I was trying to make a mini version of the Arduino MEGA. Sort of a MEGA-MINI. I soldered everything together, but I can't get it to enter programming mode to write the bootloader. I connected it to Atmel Studio 6 and it just says "can't enter programming mode." I can't even read the device ID.

I connected my Arduino MEGA to the computer and I can read it fine. So my installation is OK as well as the drivers for my AVRISP mkII. I put two boards together. I don't think I over-soldered/killed either of the chips.

Can someone maybe take a quick look at my schematic and tell me if I screwed something up? Is there a design error?

I have it powered via my FTDI adapter and I get a green light on the AVRISP mkII.

Thanks.

I don't see a problem.
Is that reset label correct ?
Is your crystal running ? Perhaps try another crystal.
Can you measure the 5V ?
To use the ICSP header, don't connect the FTDI header and don't use the jumper on the reset line.

Vcc is good. Atmel Studio shows it as 4.8V with the FTDI adapter.

The crystal was the first thing I swapped out. I thought maybe I fried a cap or something while soldering it, but 2 boards? I doubt it. Both assemblies I put together appear dead as a doornail. So I though I had a design error. I'd hate to spend anther $18 bucks on another Atmega 2560 if the third board is going to end up the same.

I put a logic probe on the reset line and a push of the button sends it low. Normally it's pulled high.

I powered it off my breadboard without the FTDI adapter of the DTR jumper. Studio 6 reads the voltage as 4.8V. Still no dice. "Can't enter programming mode". I reconnected my Arduino MEGA, it reads it instantly. Swapped back to the MEGA-MINI, can't read it. It's like it's dead.

What would cause the chip to not go into programming mode? It's midnight, so maybe tomorrow I'll put a scope on it and make sure that the crystal is indeed running.

Other than that, you think my schematic looks OK? No stupid mistakes?

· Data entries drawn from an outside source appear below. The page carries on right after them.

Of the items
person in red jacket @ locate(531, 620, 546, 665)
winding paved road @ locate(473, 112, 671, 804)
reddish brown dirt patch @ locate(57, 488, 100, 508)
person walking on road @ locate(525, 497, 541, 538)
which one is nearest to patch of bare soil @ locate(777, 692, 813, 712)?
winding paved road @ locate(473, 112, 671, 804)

If the caps on the crystal are really 0.1 uF as indicated on the schematic, that is the problem. They should be around 22 pF, but in accord with the ATmega clock circuitry as well as the crystal specification.

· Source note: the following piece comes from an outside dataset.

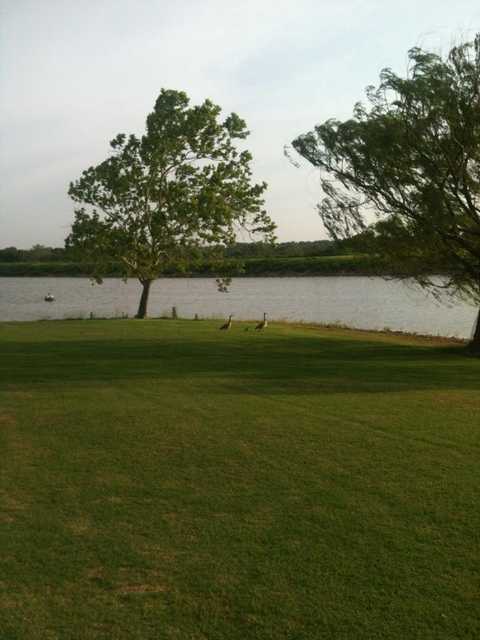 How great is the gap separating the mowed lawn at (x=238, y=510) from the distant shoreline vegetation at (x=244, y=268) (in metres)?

Oh man! I think that's it! Talk about "forrest for the trees"! I know they're supposed to be 22pF. Why did I do that!? I must have used the clone tool on all the caps, and forgot to change the value. And then blindly soldered them in not even realizing the typo. What a dumb mistake. Uhhh, I'm kicking myself right now!

I'll swap the caps out tonight and see if that does it.

Thanks for the second set of eyes.

Yes, the crystal caps were obviously wrong, but that won't affect ICSP programming
will it ? Without flooding the ground planes its hard to tell what else is bad - C2 has
no connection at one end, so I presume that's ground plane, but I can't see a via that
leads to it.

C1 has its ground end lead to a pin on the package which seems suspicious, they
should both be going straight to ground plane.

Did you check for 100% routing success?

MarkT:
Yes, the crystal caps were obviously wrong, but that won't affect ICSP programming
will it?

Ummm, why not?

Thanks again guys. It was the caps on the crystal. I put .1uF instead of 22pF on the PCB. I used the clone tool on the schematic for all the caps and forgot to change the value to 22pF. I didn't even notice I had made that mistake on the PCB and blindly soldered them in. I should have noticed when I laid my parts out that I didn't have any 22pF caps.

I also screwed up some of the pinouts on the LCD, but no big deal. This is just a prototype. So I just ran some wires across the board to another header. Everything works great now.

That is very nice, and well done jremington for spotting the 0.1uF instead of 22pF at the crystal.

Congrats to jremington for noticing that.

What is the purpose of the board? looks like a lot of power for a LCD

I'm working on a GPS clock. There'a s lot of hardware so I wanted to try out a test run with the 2560 just to make sure I could bootload one and upload sketches. This mini board basically qualifies my design. (I'd rather waste a $5 PCB that a $40 one!)

Anyway, I'm linking to a lot of libraries so I can't use a 328 like I usually do. My sketch is about 40K and there's more to do. I was going to use a 644, but I figured I go for broke and make it with a 2560. At least this way I have a crazy amount of code space for fonts, graphics, sounds.